Records from a data collection
______
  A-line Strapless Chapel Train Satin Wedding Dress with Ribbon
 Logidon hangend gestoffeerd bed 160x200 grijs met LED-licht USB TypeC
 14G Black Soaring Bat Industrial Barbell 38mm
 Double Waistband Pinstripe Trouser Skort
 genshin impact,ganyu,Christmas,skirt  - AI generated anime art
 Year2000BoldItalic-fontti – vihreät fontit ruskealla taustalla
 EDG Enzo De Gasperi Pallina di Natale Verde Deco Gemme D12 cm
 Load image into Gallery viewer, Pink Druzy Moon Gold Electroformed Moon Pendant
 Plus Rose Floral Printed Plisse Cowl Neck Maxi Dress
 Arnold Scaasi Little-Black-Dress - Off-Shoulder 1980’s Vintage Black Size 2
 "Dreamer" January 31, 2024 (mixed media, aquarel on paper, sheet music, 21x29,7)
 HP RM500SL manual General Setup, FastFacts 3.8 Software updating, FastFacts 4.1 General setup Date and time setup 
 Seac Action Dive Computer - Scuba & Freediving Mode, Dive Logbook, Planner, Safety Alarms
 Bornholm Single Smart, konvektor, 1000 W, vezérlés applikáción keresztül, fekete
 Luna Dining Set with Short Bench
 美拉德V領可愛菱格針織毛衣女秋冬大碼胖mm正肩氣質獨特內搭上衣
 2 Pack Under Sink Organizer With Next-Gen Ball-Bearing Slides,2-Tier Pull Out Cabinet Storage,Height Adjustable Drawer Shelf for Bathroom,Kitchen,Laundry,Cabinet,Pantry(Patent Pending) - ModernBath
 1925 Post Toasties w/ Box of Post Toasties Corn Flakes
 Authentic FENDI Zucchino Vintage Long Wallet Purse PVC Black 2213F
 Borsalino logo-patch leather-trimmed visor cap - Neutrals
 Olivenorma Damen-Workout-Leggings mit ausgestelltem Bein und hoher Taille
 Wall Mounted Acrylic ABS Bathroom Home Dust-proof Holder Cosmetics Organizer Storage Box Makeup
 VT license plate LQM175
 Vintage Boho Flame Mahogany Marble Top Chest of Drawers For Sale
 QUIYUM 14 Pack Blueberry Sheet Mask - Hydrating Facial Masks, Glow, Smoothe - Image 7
______
Find every line in the records that has the word "Black". Copy those lines.

> [SOLUTION]
 14G Black Soaring Bat Industrial Barbell 38mm
 Arnold Scaasi Little-Black-Dress - Off-Shoulder 1980’s Vintage Black Size 2
 Authentic FENDI Zucchino Vintage Long Wallet Purse PVC Black 2213F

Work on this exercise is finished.